The alignment of SDSS satellites with the VPOS: effects of the survey footprint shape

TL;DR

This study confirms the significance of the Vast Polar Structure (VPOS) of Milky Way satellites, demonstrating that SDSS satellite distribution enhances the structure's significance despite survey footprint biases, and finds the VPOS is more prominent than the Andromeda plane.

Contribution

It provides a robust statistical analysis showing the VPOS's significance and evaluates the impact of SDSS footprint shape on satellite alignment, confirming the structure's non-random nature.

Findings

SDSS satellites increase the significance of the VPOS.

Survey footprint biases against close alignment with classical satellites.

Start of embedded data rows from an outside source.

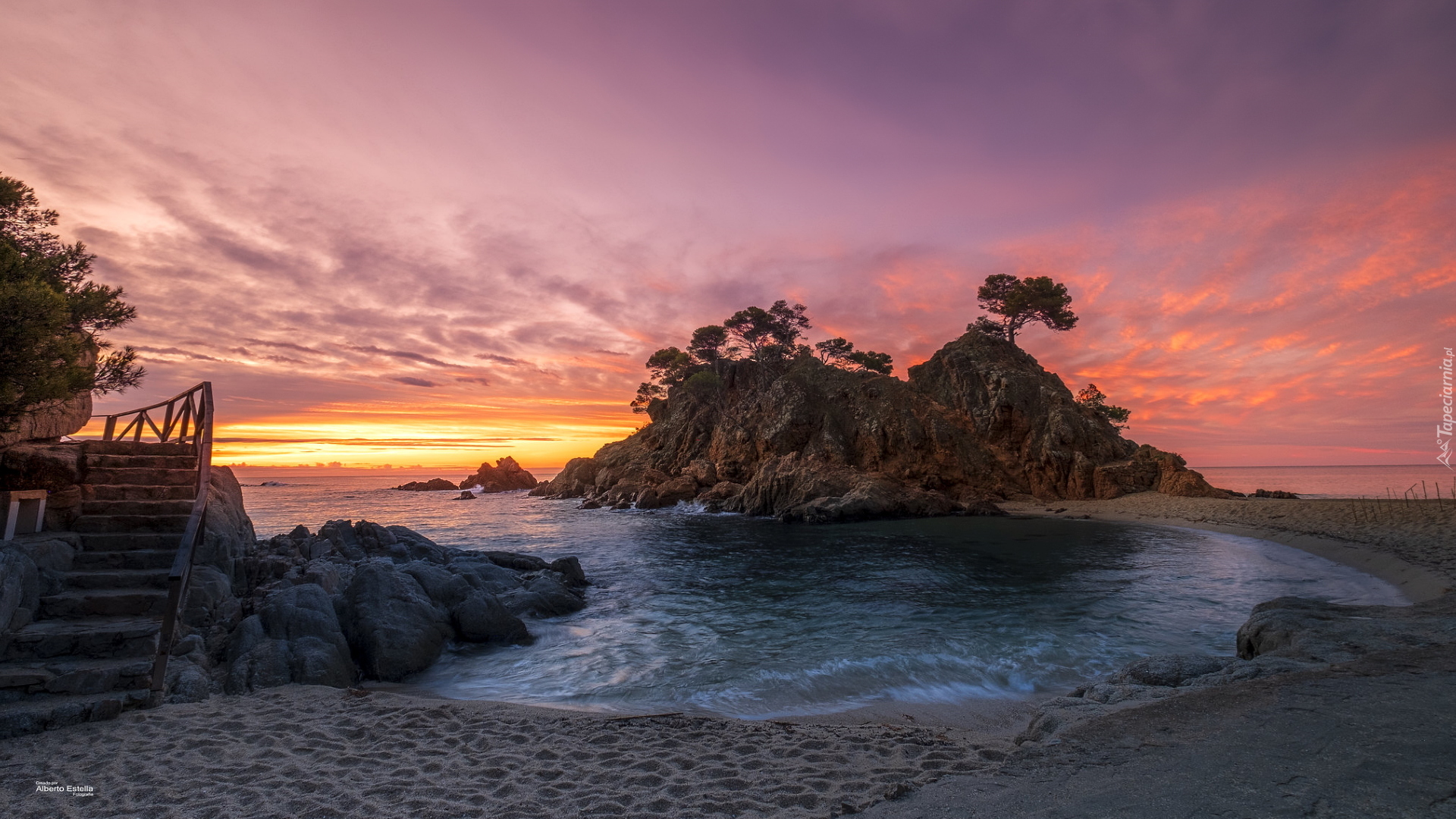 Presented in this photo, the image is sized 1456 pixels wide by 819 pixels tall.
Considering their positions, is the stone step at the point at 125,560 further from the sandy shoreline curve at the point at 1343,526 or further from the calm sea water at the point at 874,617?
the sandy shoreline curve at the point at 1343,526

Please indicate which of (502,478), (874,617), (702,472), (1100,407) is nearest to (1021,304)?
(1100,407)

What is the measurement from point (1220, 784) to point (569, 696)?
27.9 feet

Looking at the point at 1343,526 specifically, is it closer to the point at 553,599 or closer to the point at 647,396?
the point at 553,599

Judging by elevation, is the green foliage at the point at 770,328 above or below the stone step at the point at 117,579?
above

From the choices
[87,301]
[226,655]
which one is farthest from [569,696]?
[87,301]

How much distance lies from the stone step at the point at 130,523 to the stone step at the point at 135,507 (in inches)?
4.0

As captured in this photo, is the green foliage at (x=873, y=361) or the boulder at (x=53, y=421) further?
the green foliage at (x=873, y=361)

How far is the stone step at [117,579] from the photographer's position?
27.7 ft

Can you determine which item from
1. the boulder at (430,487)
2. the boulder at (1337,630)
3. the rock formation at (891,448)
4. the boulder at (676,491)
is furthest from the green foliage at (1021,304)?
the boulder at (430,487)

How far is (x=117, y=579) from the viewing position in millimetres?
8617

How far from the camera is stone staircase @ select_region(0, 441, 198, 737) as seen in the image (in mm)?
6570

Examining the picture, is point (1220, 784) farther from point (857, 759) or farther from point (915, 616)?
point (915, 616)

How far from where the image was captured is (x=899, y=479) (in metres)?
53.5

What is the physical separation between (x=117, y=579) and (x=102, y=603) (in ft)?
2.34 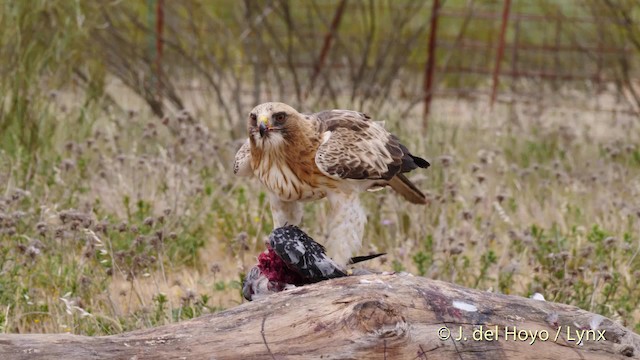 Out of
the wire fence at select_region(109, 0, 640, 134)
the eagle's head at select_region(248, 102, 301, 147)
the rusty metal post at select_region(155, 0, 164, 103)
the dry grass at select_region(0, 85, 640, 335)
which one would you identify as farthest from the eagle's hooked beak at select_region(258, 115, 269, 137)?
the rusty metal post at select_region(155, 0, 164, 103)

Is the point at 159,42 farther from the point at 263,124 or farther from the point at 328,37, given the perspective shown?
the point at 263,124

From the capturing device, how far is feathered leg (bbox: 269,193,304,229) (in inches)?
171

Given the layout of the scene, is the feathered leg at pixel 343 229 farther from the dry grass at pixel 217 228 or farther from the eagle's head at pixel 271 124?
the dry grass at pixel 217 228

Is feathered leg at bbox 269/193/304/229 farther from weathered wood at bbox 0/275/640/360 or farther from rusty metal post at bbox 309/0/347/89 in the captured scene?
rusty metal post at bbox 309/0/347/89

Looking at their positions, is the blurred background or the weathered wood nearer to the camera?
the weathered wood

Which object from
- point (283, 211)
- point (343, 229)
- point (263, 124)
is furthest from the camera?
point (283, 211)

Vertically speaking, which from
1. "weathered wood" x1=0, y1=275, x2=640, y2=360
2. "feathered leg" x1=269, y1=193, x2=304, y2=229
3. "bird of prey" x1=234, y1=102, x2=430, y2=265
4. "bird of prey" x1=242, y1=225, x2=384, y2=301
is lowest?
"weathered wood" x1=0, y1=275, x2=640, y2=360

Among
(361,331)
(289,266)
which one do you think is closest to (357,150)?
(289,266)

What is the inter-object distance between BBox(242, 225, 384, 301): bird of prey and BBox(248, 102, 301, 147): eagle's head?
1.50ft

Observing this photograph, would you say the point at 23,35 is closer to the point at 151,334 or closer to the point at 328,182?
the point at 328,182

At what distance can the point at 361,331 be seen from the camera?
10.2 ft

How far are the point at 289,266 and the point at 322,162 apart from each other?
23.1 inches

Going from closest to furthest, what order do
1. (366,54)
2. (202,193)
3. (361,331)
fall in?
(361,331)
(202,193)
(366,54)

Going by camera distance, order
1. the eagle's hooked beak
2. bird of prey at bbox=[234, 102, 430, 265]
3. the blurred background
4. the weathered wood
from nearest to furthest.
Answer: the weathered wood → the eagle's hooked beak → bird of prey at bbox=[234, 102, 430, 265] → the blurred background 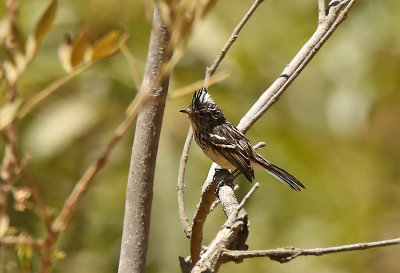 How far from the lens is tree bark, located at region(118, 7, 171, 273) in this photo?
6.57ft

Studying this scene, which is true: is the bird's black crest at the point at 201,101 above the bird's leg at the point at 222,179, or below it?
above

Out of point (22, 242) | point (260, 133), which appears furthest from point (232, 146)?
point (22, 242)

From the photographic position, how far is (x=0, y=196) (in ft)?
2.83

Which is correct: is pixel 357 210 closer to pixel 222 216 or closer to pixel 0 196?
pixel 222 216

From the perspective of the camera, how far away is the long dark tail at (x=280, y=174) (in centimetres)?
451

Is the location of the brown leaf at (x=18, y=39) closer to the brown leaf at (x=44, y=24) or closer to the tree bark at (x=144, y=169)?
the brown leaf at (x=44, y=24)

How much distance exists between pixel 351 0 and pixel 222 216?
2.65 meters

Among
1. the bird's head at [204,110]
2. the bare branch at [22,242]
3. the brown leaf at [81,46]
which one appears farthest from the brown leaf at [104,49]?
the bird's head at [204,110]

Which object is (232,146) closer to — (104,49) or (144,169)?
(144,169)

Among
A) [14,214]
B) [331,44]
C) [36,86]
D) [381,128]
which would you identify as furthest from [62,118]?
[381,128]

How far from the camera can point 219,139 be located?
4551mm

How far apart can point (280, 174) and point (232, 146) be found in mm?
412

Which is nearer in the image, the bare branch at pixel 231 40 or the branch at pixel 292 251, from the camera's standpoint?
the branch at pixel 292 251

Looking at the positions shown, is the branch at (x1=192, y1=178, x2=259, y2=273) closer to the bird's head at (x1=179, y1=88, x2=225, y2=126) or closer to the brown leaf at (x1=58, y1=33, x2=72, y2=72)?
the brown leaf at (x1=58, y1=33, x2=72, y2=72) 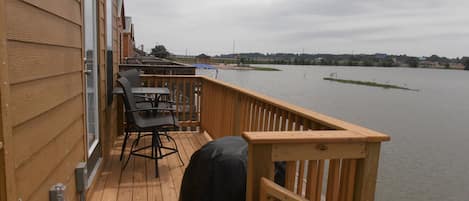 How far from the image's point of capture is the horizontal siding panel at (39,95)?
4.03ft

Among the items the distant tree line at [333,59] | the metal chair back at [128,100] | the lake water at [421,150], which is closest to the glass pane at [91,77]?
the metal chair back at [128,100]

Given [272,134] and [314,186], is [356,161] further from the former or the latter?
[272,134]

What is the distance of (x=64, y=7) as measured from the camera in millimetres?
1849

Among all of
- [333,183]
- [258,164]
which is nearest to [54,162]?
[258,164]

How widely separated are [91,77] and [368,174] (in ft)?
7.34

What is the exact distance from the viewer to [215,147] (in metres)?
1.62

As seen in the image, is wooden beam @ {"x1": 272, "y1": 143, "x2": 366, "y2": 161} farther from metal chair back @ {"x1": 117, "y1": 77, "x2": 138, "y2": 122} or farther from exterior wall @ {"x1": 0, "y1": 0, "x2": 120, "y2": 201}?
metal chair back @ {"x1": 117, "y1": 77, "x2": 138, "y2": 122}

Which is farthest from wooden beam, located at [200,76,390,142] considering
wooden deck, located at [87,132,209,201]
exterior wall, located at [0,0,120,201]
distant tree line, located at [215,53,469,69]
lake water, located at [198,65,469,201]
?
distant tree line, located at [215,53,469,69]

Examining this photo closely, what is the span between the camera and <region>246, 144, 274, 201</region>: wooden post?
4.27 ft

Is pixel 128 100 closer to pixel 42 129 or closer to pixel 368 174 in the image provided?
pixel 42 129

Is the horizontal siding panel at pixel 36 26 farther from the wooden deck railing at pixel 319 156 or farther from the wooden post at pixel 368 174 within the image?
the wooden post at pixel 368 174

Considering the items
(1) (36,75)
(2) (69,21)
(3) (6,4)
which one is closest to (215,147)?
(1) (36,75)

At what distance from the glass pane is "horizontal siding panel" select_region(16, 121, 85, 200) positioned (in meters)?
0.43

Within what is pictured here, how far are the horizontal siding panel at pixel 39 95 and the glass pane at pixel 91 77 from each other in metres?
0.57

Less than 6 out of 27 MW satellites are consistent with isotropy.

Abstract

It is sometimes argued that the uneven sky coverage of the Sloan Digital Sky Survey (SDSS) biases the distribution of satellite galaxies discovered by it to align with the polar plane defined by the 11 brighter, classical Milky Way (MW) satellites. This might prevent the SDSS satellites from adding significance to the MW's Vast Polar Structure (VPOS). We investigate whether this argument is valid by comparing the observed situation with model satellite distributions confined to the exact SDSS footprint area. We find that the SDSS satellites indeed add to the significance of the VPOS and that the survey footprint rather biases away from a close alignment between the plane fitted to the SDSS satellites and the plane fitted to the 11 classical satellites. Finding the observed satellite phase-space alignments of both the classical and SDSS satellites is a ~5{\sigma} event with respect to an isotropic distribution. This constitutes a robust discovery of the VPOS and makes it more significant than the Great Plane of Andromeda (GPoA). Motivated by the GPoA, which consists of only about half of M31's satellites, we also estimate which fraction of the MW satellites is consistent with being part of an isotropic distribution. Depending on the underlying satellite plane width, only 2 to 6 out of the 27 considered MW satellites are expected to be drawn from isotropy, and an isotropic component of >50% of the MW satellite population is excluded at 95% confidence.